King plucked at the blood-soaked business card stabbed into the bastard’s wound. Why the hell had Munoz hung on to it? The son of the bitch had his son. Having King’s contact information wouldn’t have done him a damn bit of good.

King memorized the bruising settling at the back of the lieutenant’s neck. Tortured. Thoroughly. And for an extended period of time. But that didn’t make sense. Munoz served the cartel. Why kill him with his own MO unless...

Acid surged up his throat as he pieced the business card back together. Munoz’s blood raced into the whorls and loops of his fingerprints. The front looked like every other business card King handed out to witnesses, victims and sources. Apart from one element. His first name had been circled in smeared dark ink.

Turning the card over, King stared at the scrawled handwriting across the back. Recognition iced through him as he read the phone number over and over. Not in his handwriting, but Adam’s.

He cut his attention to Munoz’s face, trying to come up with why his former partner would’ve had any motive to reach out to Munoz one on one. Close enough to hand the lieutenant one of King’s business cards. And only came up with a single answer. “Son of a bitch. You were helping them, weren’t you? You were Adam and Eva’s source.”

Munoz had wanted the DEA to breach the warehouse. Had given Adam and Eva what they needed to investigate. Which meant Munoz hadn’t ordered Eva’s murder or had anything to do with Adam’s death. Someone else had. Someone who’d caught onto Munoz’s betrayal and killed him for it.

That was why the lieutenant had been so desperate for King to hand over Eva and Adam’s investigation files. He’d needed something from them. A way out of the cartel? A chance to get away from someone within? Then he’d used Julien to try to force King’s hand.
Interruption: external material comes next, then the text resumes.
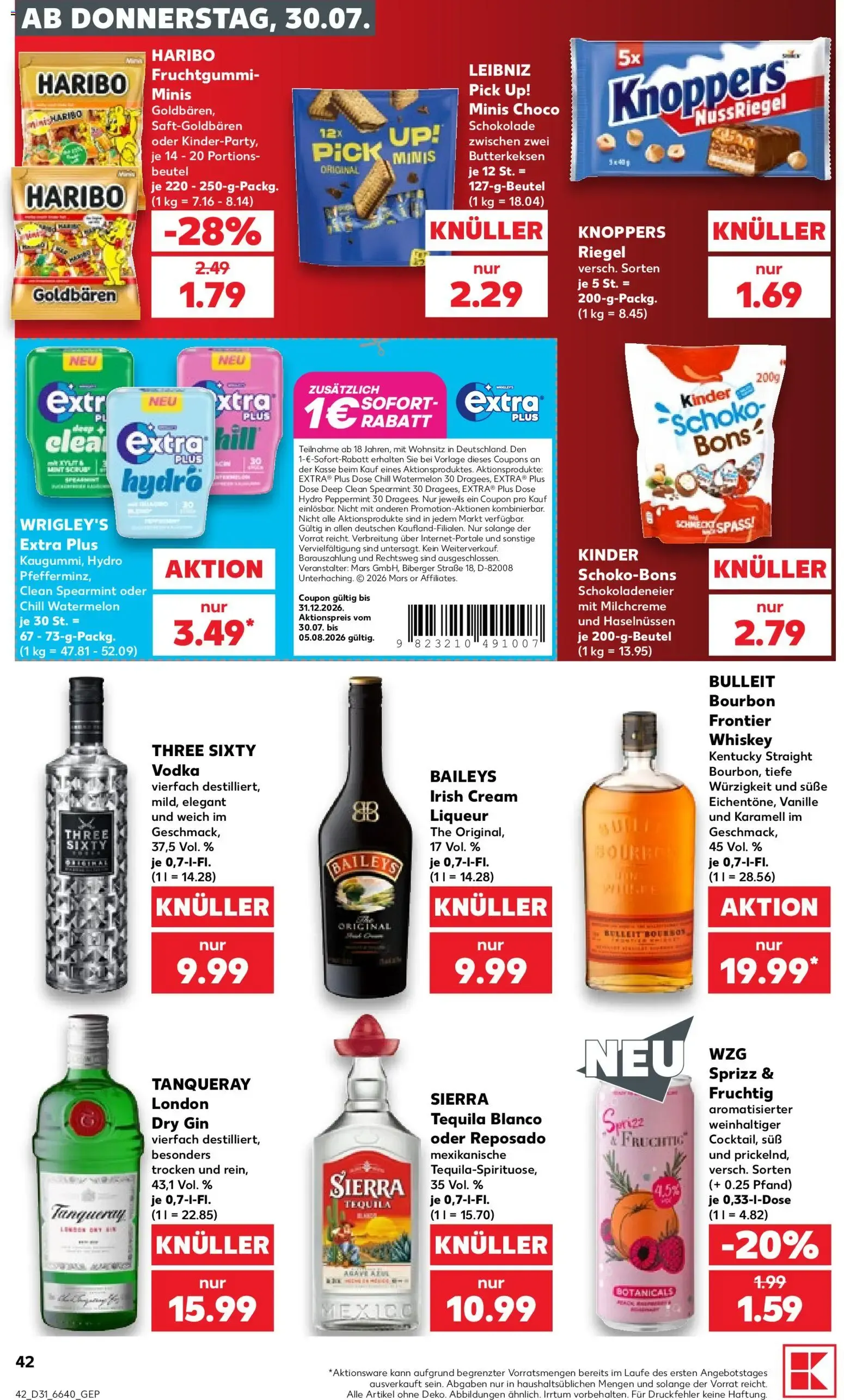 Prospekt Kaufland ab 30.07.2026 » Angebote Online zum Blättern von 30. Juli bis 5. August 2026 - Prospekt seite 42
Only Scarlett and King hadn’t been able to break the cipher Adam and Eva used to manually encrypt their notes, and Munoz wasn’t talking anymore. King had nothing to support his theory, but the pieces fit the violent and bloody puzzle scattered around him.

He stared at the inked circle around his name.

“It can’t be that easy.” His name. It was the four-letter word that linked them all together, wasn’t it? Except now the DEA had the physical case files, and King had left the copies with Scarlett. It would take a court order for her to hand it over after the way they’d left things.

Pounding footsteps charged his defenses into overdrive, and King used the edge of the counter to bring himself to his feet.

“Police! Is anyone here?” Two officers penetrated his vision, weapons aimed. At him. “Sir, I’m going to need you to step away from the body with your hands up.”

“Agent Elsher, DEA.” One hand raised in surrender, King dragged his badge from beneath his shirt for the officers to inspect for themselves. “I know this is bad timing, but I’m going to need a ride.”